Mr. Wilkes has pleaded not guilty to bribery, fraud, money laundering and conspiracy.

Cunningham detailed the arrangement in two interviews with prosecutors and government agents at his Tucson, Ariz., prison in February, a week before Mr. Wilkes was indicted, the Associated Press reports.

Liberty’s limits

“Is Ron Paul the savior of libertarians? That’s what many are claiming about the Texas Republican who ran on the Libertarian ticket for president in 1988,” James Kirchick writes at the America’s Future Foundation’s “Brainwash” Web site (

Andrew Sullivan, who styles himself a classical liberal, has been trumpeting Paul ever since the GOP primary debate in South Carolina last month in which Paul went toe-to-toe with Rudy Giuliani over the cause of 9/11. ‘Ron Paul, for all his faults, is fresh air. We need more of it,’ Sullivan wrote last month. … Paul seems to be the libertarian dream candidate,” Mr. Kirchick said.

“Paul markets himself as an ideologically pure libertarian — a capital ‘L’ libertarian of the sort that people who refuse to carry driver’s licenses or pay federal income taxes can admire. So committed to a strict interpretation of the Constitution, he’s something of a caricature in a Congress full of big-spenders, earning the title ‘Dr. No’ for voting against each and every federal spending bill.

“He supports unfettered free trade and a non-interventionist foreign policy. He supports the abolition of a variety of Cabinet-level federal agencies. But, in actuality, Paul is a selective libertarian. On the issue of gay rights — a cause that intellectually consistent libertarians ought to support — Paul is no better than his socially conservative primary opponents like [Kansas Sen.] Sam Brownback or [Colorado Rep.] Tom Tancredo.”

Pollsters settle

A lawsuit accusing Sen. Hillary Rodham Clinton’s chief strategist of illegally intercepting e-mails has been withdrawn and the legal battle between him and former associates has been resolved, the parties said Wednesday.

Penn, Schoen & Berland said former vice president Mitchell E. Markel dropped his suit against the firm and its founder, Mark Penn, who is strategist and pollster to the Democratic presidential candidate. A separate suit that the firm had filed a week earlier against Mr. Markel and Michael J. Berland, another associate who once polled for New York Mayor Michael R. Bloomberg, was also dismissed and a settlement was reached, the Associated Press reports.

Mr. Markel had claimed in his e-mail wiretapping suit that the firm was illegally monitoring messages sent from his personal BlackBerry after he left and started a rival company. Penn, Schoen & Berland did not dispute that e-mails were intercepted but said it owned the e-mails because they were routed through the company’s account.
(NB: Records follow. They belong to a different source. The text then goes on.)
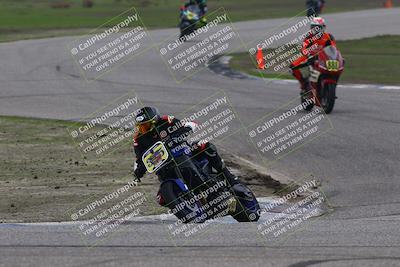 media/Nov-30-2025-TrackDaz (Sun) [[d8b22663df]]/A Group/Session 3 (Off Ramp)/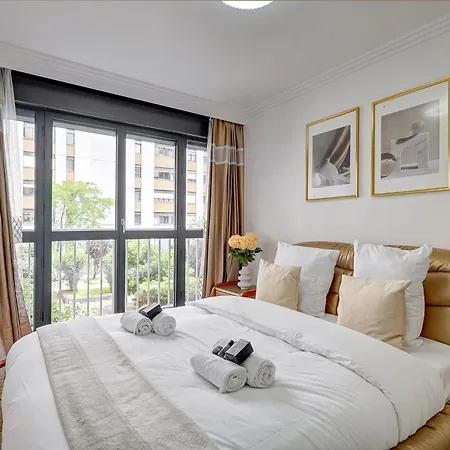 119-typical Near Republique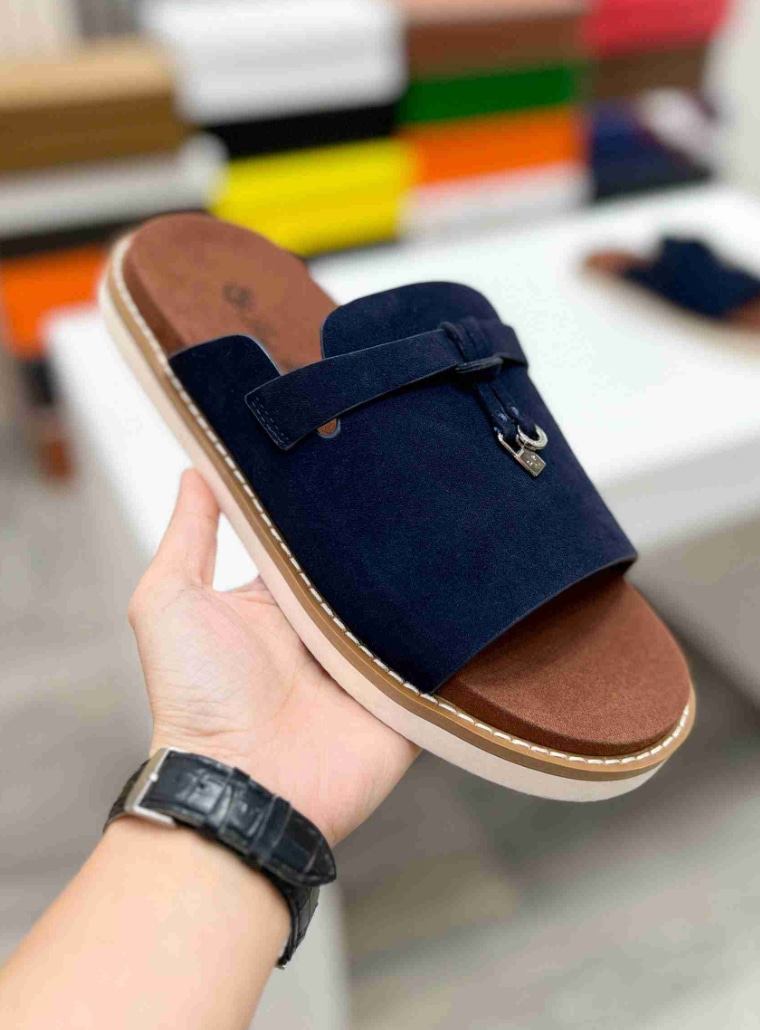 Loro Piana Suede Charm Slide Navy — vista principal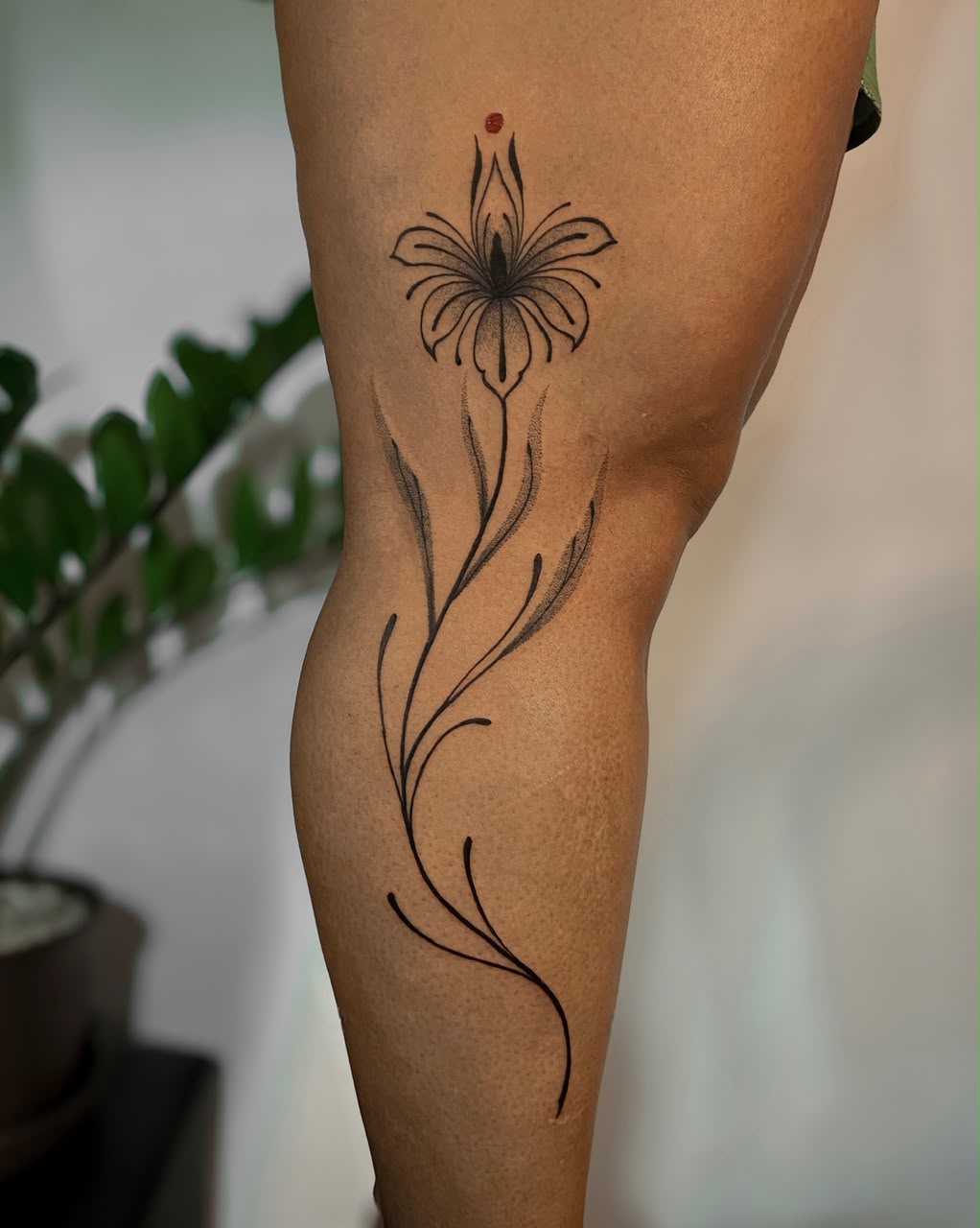 Flor minimalista delicada com detalhes botânicos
In dropping the suit, Mr. Markel agreed that Penn, Schoen & Berland had a right to read the e-mails and withdrew his claim that the firm acted improperly, according to a statement attributed to all parties that came from firm spokesman Jason Schechter.

Usual suspects

“This week’s release of a two-page summary of the National Intelligence Estimate is being greeted by the usual media suspects as evidence that the war on terror has been a squandered effort,” the Wall Street Journal says in an editorial.

“We read it as a stark reminder that al Qaeda and other radical Islamist groups continue to pose an urgent threat to our security, and that 9/11 was not the terrorist one-off that some liberals wish it were so they can switch the subject to global warming and after-school programs,” the newspaper said.

“In its ‘key judgments,’ the NIE observes that ‘greatly increased worldwide counterterrorism efforts over the past five years have constrained the ability of al Qaeda to attack the U.S. Homeland.’ It notes that the measures put into place since September 11, 2001, have ‘helped disrupt known plots’ — last year’s foiled attempt to blow up airliners over the North Atlantic being just one of them. And it observes that terrorist groups ‘perceive the Homeland as a harder target to strike than on 9/11.’ If this is evidence of the administration’s alleged failures, we need more of them.”

Mangled quote

In Tuesday’s paper, this column slightly mangled a quote from Newt Gingrich, the Republican former House speaker. Mr. Gingrich actually said, “In a world that fails, the federal government cannot find somewhere between 10 million and 20 million illegal immigrants, even if they are sitting.”